- _Try it_: Your output should be the exact lines from the start of the data through the line containing "Hot Wheels Nissan", with no pictures.

Scraped caption text data
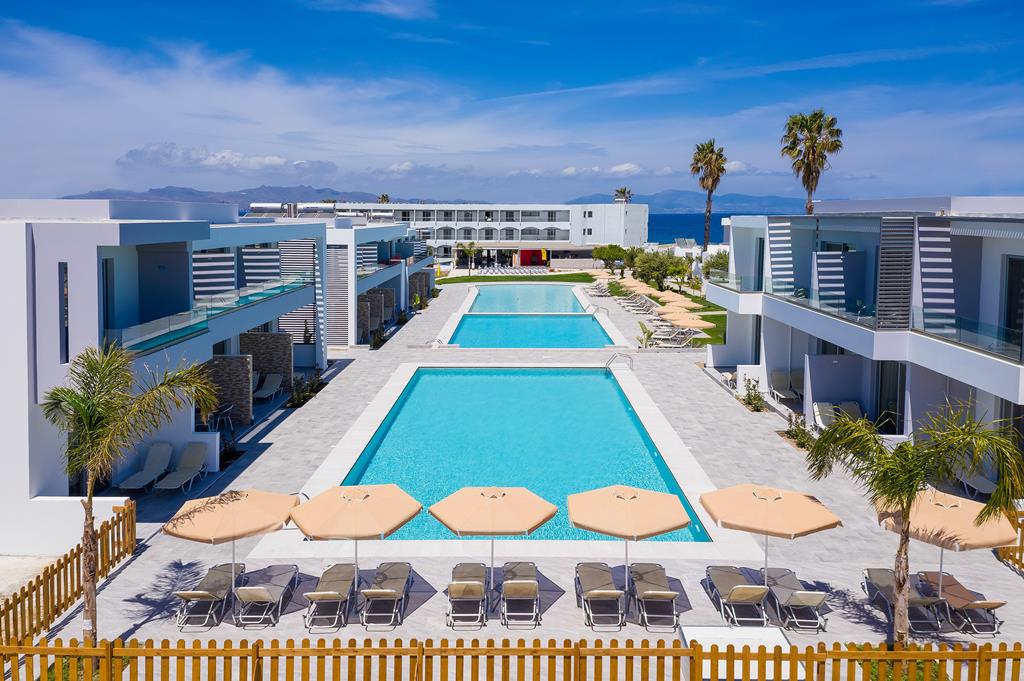 TUI SUNEO Niriides Kos stad Psalidi Kos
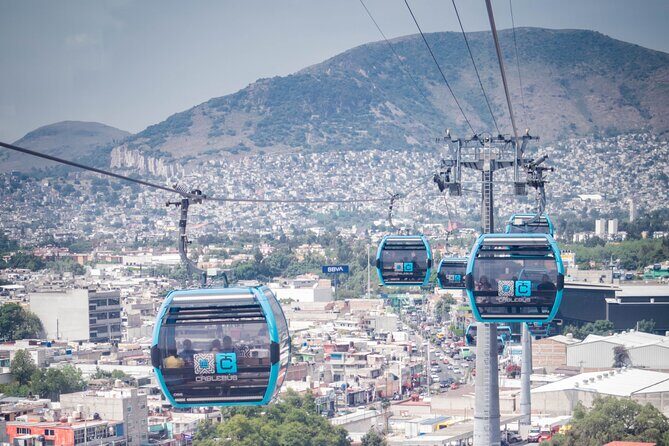 Unique cablecar experience, pulque tasting &unbeatable views - Exploring Mexico City Through a Unique Cablecar and Pulque Tour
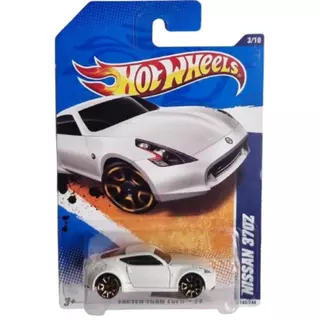 Hot Wheels Nissan 370Z 2011 Faster Than Ever 143/244 branco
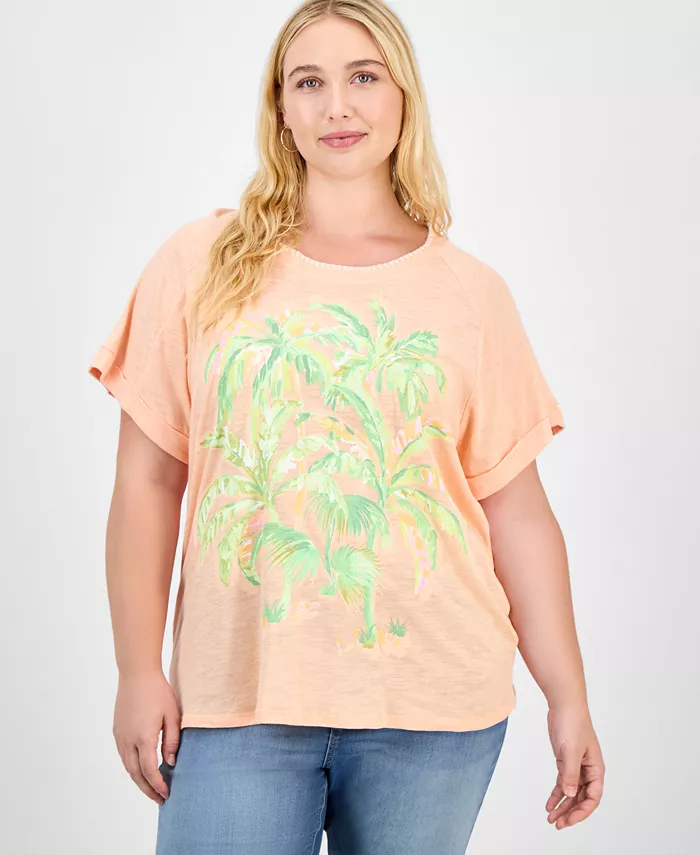 Футболка Trendy Plus с короткими рукавами и отворотами Democracy, оранжевый
Футболка Trendy Plus с короткими рукавами и отворотами Democracy, оранжевый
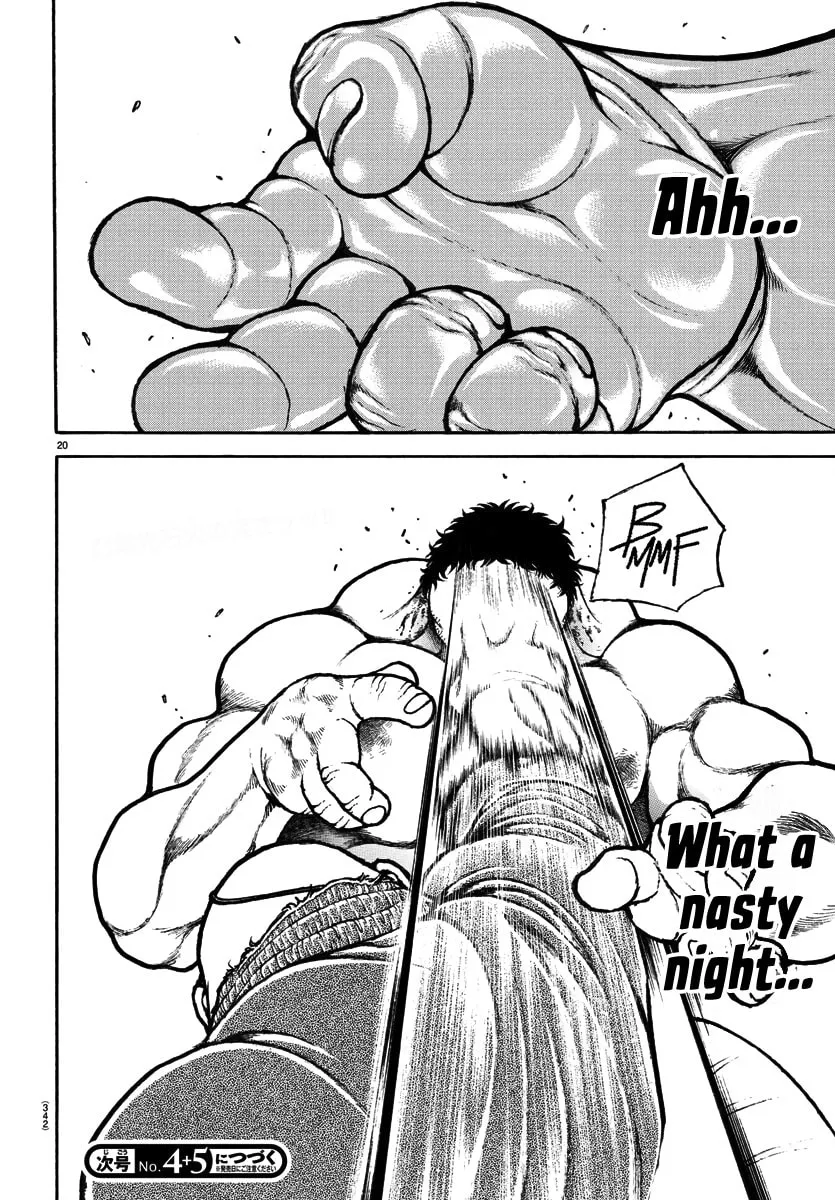 Read Baki Dou (2018) chapter 137 image 16 on Lezhin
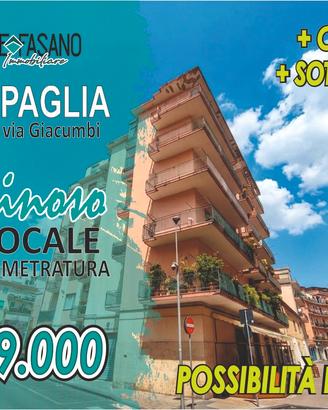 CENTRO: grande Trilocale con Sottotetto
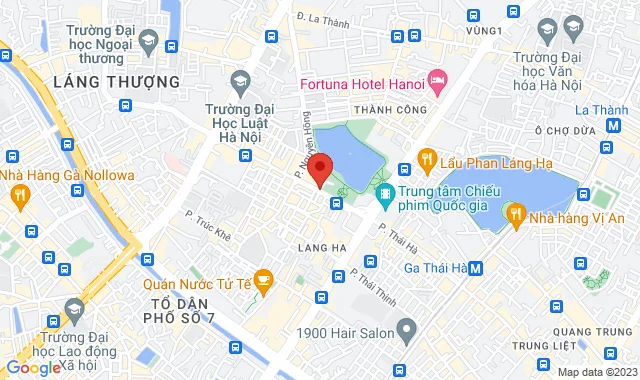 15 Huỳnh Thúc Kháng, Q. Đống Đa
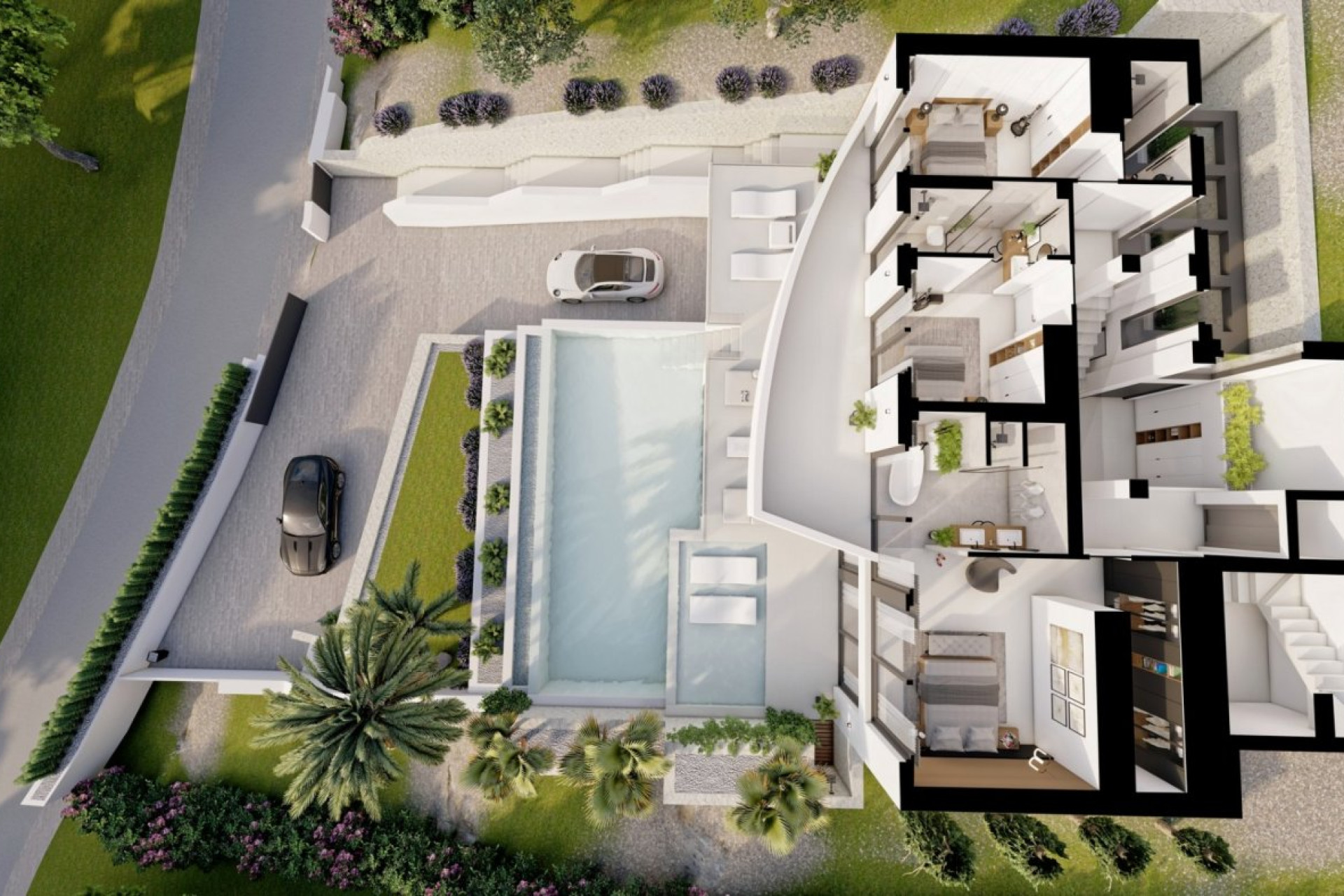 Nieuwbouw Woningen - Vrijstaande villa - Altea - La Sierra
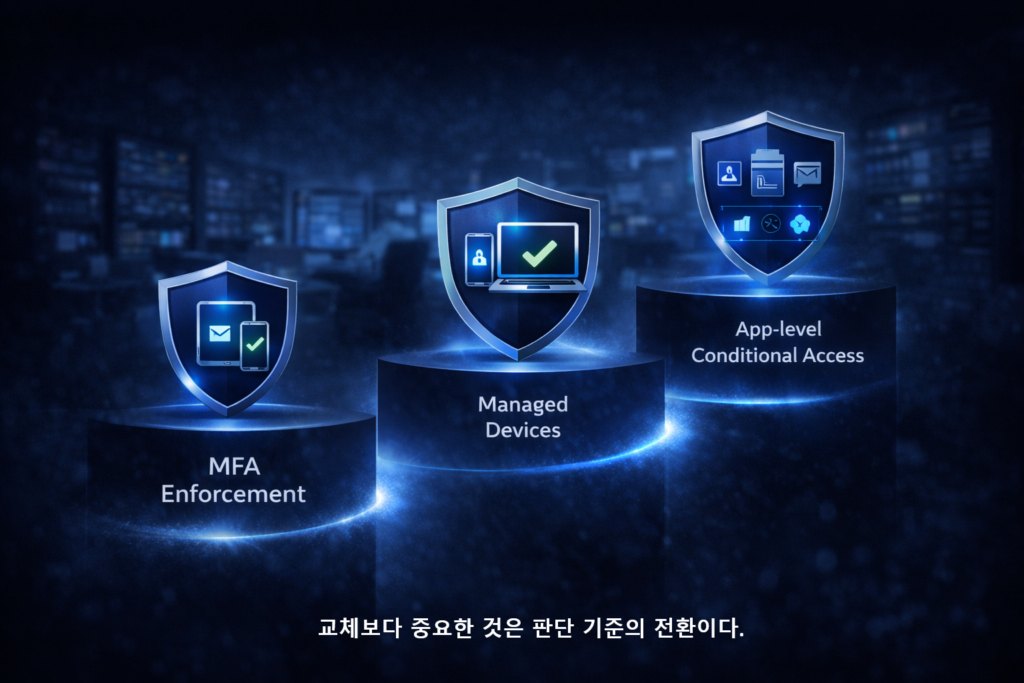교체보다 중요한 것은 판단 기준의 전환이다 1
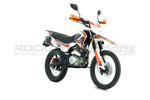 Мотоцикл эндуро ROCKOT ZR250 (белый/красный)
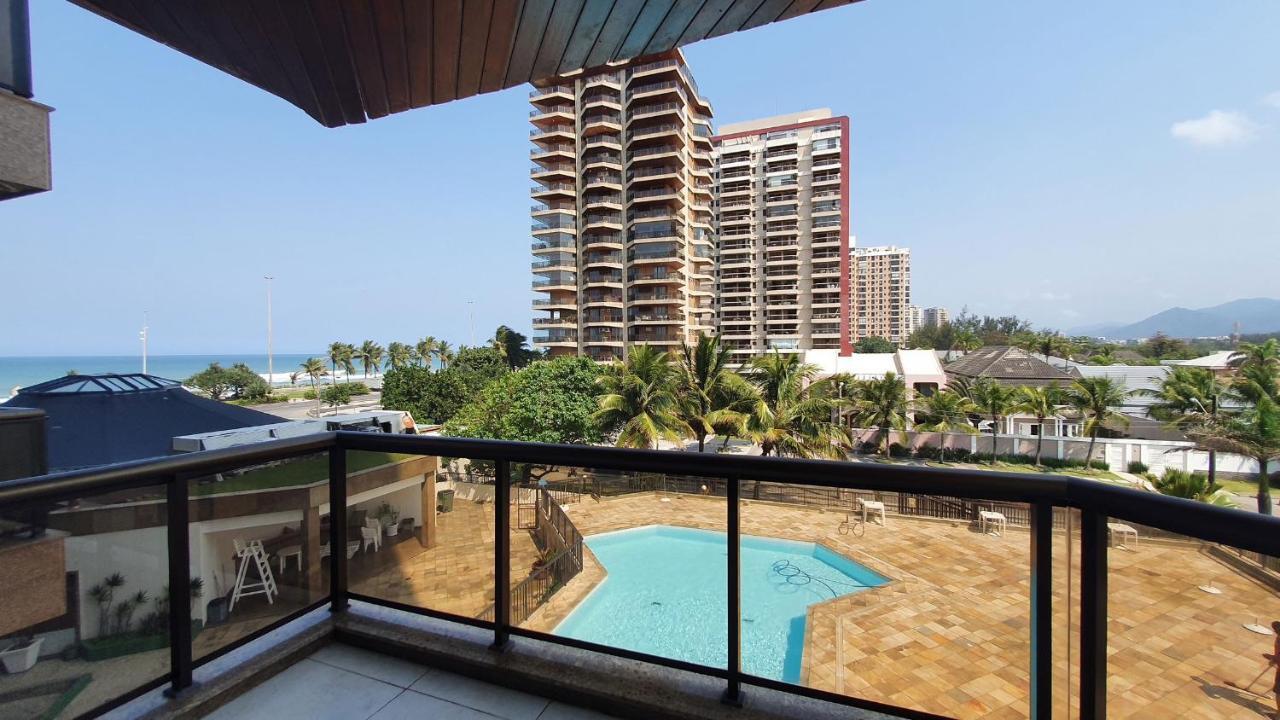Acolhedor flat a beira-mar na Barra da Tijuca Rio de Janeiro Exterior foto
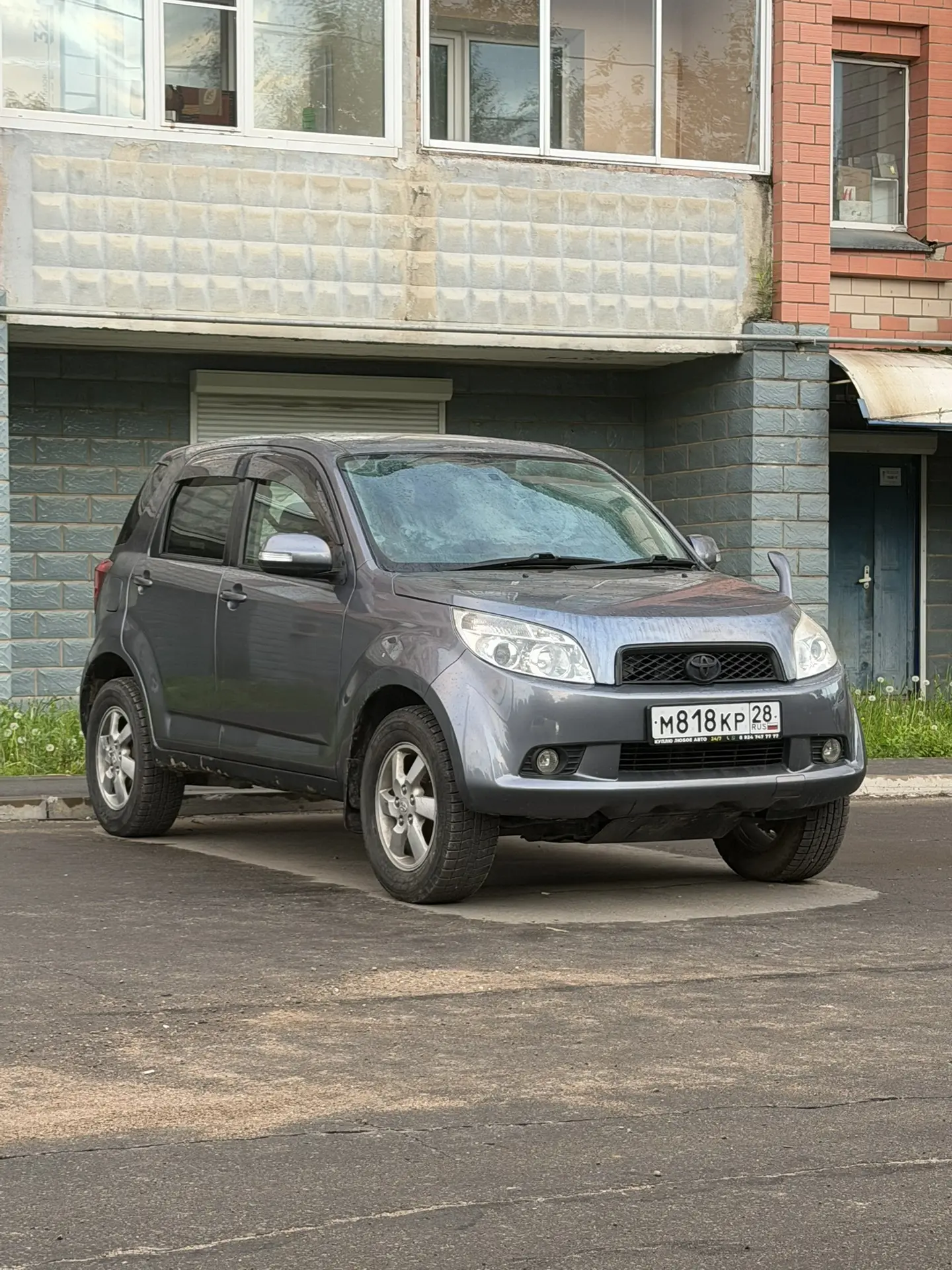 🚘 Toyota Rush 

ПРОДАН ✅

Завтра опубликую несколько автомобилей 🚘 которые приобрел за время «отсу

- _Task response_:
 TUI SUNEO Niriides Kos stad Psalidi Kos
 Unique cablecar experience, pulque tasting &unbeatable views - Exploring Mexico City Through a Unique Cablecar and Pulque Tour
 Hot Wheels Nissan 370Z 2011 Faster Than Ever 143/244 branco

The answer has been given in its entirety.